And then, there’s “Talking Space”, a podcast that I’m no longer willing to listen to. I rarely tell people that I’ve stopped subscribing to their content, but in this case, I felt compelled to write them a note — it’s unusual to find people in this media segment who so faithfully channel Ellsworth Toohey. Even though almost no one who reads Samizdata will have heard their tiny podcast, I’ve included the entire content below:]

I regularly listened to your program until your episode just after Falcon Heavy’s test flight. I was disgusted at that time with your astonishingly negative attitude about that launch, and unsubscribed for a while, but I decided to give you another chance. Having just stopped listening halfway through “To the moon, Elon!”, I think I’m through with your podcast permanently.

The BFR, if it flies, will be the first fully reusable orbital launch vehicle in history, and will also be one of the heaviest lift vehicles in history. Musk claims it will reduce launch costs by a factor of about two orders of magnitude. Even if it only reduces launch costs by a factor of ten and not one hundred, it will be a major milestone in human history, and I don’t believe that I’m exaggerating.

Not a single mention of that had been made by the time I shut off the episode. All I heard was “it might take a years longer than Musk says” and “this will cost money, where will it come from?” and the even more offensive “Yawn” remark where one of your hosts expressed actual boredom with the news.

On the cost, Musk has a long track record of securing the funding he needs, and as to the former, when he was asked about the timing at the press conference, he absolutely owned up to the fact that they were unlikely, saying that the dates in question were optimistic and based on nothing going wrong.

We all know by now, after his work at several companies, both that Musk rarely makes his dates, but that he almost always manages to achieve the the engineering goals he’s set. SpaceX had its first orbital launch only ten years ago, but is now the world’s leading launch provider, with only the Chinese government launching more often, and given the customer contracts they have in hand and the continuous increase in launch rate, by next year SpaceX may be approaching the Chinese launch cadence. There’s very little reason to doubt that they’re technically capable of building BFR or that they’ve got real revenue that they can apply to R&D, given that even a cursory estimate shows that their operating revenue is now into ten figures.

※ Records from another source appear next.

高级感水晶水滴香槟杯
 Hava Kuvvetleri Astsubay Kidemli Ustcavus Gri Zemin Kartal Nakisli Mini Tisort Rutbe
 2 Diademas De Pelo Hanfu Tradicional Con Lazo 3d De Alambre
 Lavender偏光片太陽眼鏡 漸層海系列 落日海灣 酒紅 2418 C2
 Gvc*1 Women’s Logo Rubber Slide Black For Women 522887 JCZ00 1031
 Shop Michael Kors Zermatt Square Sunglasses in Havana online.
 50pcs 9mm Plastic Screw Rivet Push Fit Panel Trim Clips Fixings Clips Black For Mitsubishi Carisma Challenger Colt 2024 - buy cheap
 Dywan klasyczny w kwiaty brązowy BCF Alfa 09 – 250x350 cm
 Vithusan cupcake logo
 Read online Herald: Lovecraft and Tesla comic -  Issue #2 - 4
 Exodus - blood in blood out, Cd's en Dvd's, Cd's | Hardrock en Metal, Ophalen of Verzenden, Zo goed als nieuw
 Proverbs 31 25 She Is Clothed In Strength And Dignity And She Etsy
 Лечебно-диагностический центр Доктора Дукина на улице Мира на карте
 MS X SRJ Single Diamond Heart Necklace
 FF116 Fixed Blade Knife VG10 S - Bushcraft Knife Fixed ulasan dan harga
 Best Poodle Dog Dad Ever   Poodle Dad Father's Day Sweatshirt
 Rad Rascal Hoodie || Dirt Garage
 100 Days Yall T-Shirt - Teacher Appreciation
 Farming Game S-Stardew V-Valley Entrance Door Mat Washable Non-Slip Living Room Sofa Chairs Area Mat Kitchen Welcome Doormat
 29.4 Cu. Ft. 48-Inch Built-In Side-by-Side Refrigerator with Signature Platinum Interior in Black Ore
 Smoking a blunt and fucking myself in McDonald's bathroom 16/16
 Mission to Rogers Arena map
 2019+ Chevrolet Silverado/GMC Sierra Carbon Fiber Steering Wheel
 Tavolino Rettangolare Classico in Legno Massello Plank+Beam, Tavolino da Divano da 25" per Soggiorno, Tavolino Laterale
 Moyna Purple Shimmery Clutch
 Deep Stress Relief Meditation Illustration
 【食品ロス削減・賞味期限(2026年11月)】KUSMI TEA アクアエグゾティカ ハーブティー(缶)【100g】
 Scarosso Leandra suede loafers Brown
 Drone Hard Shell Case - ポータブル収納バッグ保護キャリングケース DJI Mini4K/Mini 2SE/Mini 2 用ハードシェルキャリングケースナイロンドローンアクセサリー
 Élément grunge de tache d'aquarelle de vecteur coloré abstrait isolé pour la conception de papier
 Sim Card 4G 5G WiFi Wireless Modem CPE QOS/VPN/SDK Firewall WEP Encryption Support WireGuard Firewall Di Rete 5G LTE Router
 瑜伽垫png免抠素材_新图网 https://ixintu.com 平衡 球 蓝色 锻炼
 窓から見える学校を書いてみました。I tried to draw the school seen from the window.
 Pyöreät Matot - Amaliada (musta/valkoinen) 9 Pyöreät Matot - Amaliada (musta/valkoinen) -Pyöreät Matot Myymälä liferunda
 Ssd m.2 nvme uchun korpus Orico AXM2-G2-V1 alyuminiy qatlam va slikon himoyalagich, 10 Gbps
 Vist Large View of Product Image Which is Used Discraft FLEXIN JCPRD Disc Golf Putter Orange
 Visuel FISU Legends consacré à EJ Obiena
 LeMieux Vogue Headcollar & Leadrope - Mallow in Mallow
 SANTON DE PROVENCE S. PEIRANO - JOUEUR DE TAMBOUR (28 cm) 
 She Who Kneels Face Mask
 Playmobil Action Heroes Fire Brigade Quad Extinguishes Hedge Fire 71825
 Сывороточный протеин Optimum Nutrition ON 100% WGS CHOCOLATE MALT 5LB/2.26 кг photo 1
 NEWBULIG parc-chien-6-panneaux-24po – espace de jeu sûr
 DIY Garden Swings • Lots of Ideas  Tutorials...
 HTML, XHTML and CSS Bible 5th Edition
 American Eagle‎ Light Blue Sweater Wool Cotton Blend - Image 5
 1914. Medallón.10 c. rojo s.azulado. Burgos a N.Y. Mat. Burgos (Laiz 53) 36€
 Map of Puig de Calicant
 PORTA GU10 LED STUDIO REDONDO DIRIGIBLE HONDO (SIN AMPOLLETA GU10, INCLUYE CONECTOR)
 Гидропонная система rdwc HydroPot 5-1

As for the ridiculous “Yawn” comment: presuming BFR launches, and I presume it will given enough time, it will dramatically alter the cost of human access to space. If the costs end up where Musk claims they will, the price of things like human colonization of cislunar space will be in the feasible range for the first time. If they end up 10x past what he thinks they will be, they’re still going to cut the price of access to space by 90%. This changes everything, even for science missions, which will benefit tremendously from far cheaper launches.

Spending your time nattering about how much you dislike Musk (which was a clear subtext) or are bored by him, how unlikely it is that he’ll get the money needed for development when he clearly managed to get the money needed for the development of all his projects to date, and how he might miss his date by years when that’s utterly immaterial, demonstrated to me that you guys are not my sort of people. You utterly miss the interesting part here — I can imagine your analysis of the first passenger railroad being something like “but the cross-ties are made of wood and will rot! They’ll have to be replaced at intervals!”.

Further, even if Musk doesn’t manage this and Bezos (who is working to the same goals) does, it still doesn’t matter — the world is about to be transformed, and all you can do is look for excuses to grumble.

I realized, in the midst of listening, that I understood the name of your podcast at last. It’s “Talking Space”.

Not “Doing Space”. “Talking Space”.

The lot of you are talkers, and the same sort of talkers who have naysayed pretty much ever interesting development since private development of space technology began in earnest. People like Musk, and Bezos, and Beck, and Haot, and all the others, who are putting their money on the line and their skin in the game, are the doers.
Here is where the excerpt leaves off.